- TASK REQUIREMENTS
Only the lines from the one bearing "1 BHK Flat In" through the end of the listing belong in your response, restated word for word and without pictures.
*** Block opens ***
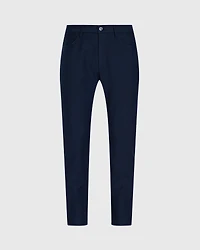 Connor 5-Pocket Pant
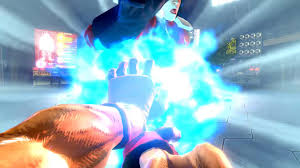 Aug 01, 2017 · need help unlocking shin akuma in ultra street fighter ii? First Person Mode Confirmed For Ultra Street Fighter 2 Attack Of The Fanboy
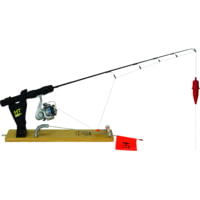 HT Enterprises Original Ice Rigger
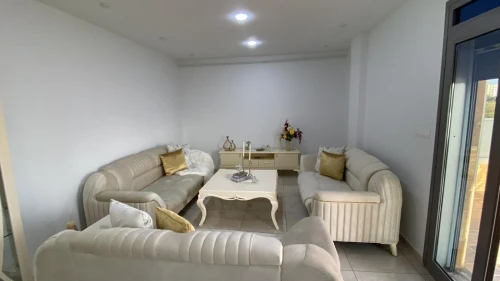 Vente Appartement Duplex F5 Alger Ain taya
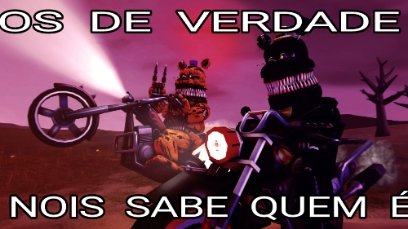 𝖊𝖛𝖎𝖑 Nightmare 🤍🌸 tweet media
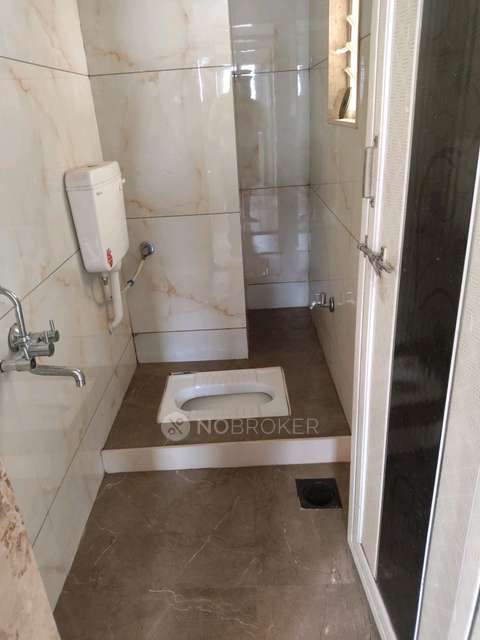 1 BHK Flat In Hill Square for Rent  In Talegaon Dabhade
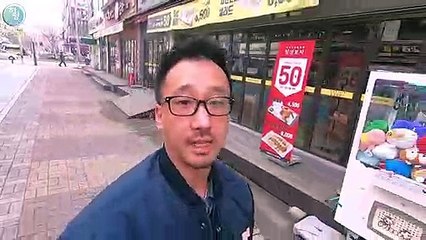 【공주출장안마】1ØØ%ョ후불【Ø1Ø↔2997↔5327 카톡DDR88】ゃ【공주출장안마】전지역출장마사지【공주출장안마】출장마사지【공주출장안마】출장마사지'출장오피걸ёжз출장마사지추천'출장20대콜걸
*** Block closes ***
- YOUR RESPONSE
 1 BHK Flat In Hill Square for Rent  In Talegaon Dabhade
 【공주출장안마】1ØØ%ョ후불【Ø1Ø↔2997↔5327 카톡DDR88】ゃ【공주출장안마】전지역출장마사지【공주출장안마】출장마사지【공주출장안마】출장마사지'출장오피걸ёжз출장마사지추천'출장20대콜걸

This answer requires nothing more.